*What is expected*:
Filter the data for lines with the word "from" and copy those lines.

*** Input

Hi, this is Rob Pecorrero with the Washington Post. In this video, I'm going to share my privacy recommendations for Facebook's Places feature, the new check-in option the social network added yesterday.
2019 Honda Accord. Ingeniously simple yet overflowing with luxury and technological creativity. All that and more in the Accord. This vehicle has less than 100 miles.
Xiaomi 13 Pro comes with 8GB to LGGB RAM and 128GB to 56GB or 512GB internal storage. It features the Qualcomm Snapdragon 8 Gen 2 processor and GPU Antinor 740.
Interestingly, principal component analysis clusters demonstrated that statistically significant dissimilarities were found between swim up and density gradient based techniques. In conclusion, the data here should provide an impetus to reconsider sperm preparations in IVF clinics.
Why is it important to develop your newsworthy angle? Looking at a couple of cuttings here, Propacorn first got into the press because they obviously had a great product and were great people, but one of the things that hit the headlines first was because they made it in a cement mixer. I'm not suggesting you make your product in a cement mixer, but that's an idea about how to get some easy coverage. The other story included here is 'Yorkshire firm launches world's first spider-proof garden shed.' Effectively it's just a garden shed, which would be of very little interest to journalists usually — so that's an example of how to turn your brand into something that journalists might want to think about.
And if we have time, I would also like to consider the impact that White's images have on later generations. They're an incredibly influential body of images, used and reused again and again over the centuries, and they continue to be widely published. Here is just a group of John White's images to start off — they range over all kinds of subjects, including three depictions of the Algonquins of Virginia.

******
*** Input

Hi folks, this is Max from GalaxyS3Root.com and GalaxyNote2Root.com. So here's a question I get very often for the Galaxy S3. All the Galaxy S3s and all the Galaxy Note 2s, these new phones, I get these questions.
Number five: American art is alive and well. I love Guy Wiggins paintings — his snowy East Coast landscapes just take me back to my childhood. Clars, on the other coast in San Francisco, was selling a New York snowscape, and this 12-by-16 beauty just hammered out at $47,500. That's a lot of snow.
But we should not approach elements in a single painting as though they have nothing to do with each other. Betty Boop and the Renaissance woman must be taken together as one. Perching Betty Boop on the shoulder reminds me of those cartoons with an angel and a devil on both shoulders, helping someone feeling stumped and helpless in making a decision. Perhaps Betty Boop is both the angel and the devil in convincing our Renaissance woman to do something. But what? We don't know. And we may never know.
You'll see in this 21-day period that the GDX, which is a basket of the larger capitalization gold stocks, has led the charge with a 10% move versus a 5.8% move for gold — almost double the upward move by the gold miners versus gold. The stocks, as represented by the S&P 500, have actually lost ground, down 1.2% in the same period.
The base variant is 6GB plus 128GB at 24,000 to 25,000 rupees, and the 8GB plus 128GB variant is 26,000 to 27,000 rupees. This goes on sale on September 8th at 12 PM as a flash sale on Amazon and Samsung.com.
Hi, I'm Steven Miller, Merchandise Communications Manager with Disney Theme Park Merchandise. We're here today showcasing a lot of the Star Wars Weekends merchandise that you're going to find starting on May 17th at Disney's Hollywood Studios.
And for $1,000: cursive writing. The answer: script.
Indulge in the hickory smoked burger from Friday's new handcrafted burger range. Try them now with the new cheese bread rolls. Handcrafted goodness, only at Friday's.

******

*Expected answer*:
Hi folks, this is Max from GalaxyS3Root.com and GalaxyNote2Root.com. So here's a question I get very often for the Galaxy S3. All the Galaxy S3s and all the Galaxy Note 2s, these new phones, I get these questions.
Indulge in the hickory smoked burger from Friday's new handcrafted burger range. Try them now with the new cheese bread rolls. Handcrafted goodness, only at Friday's.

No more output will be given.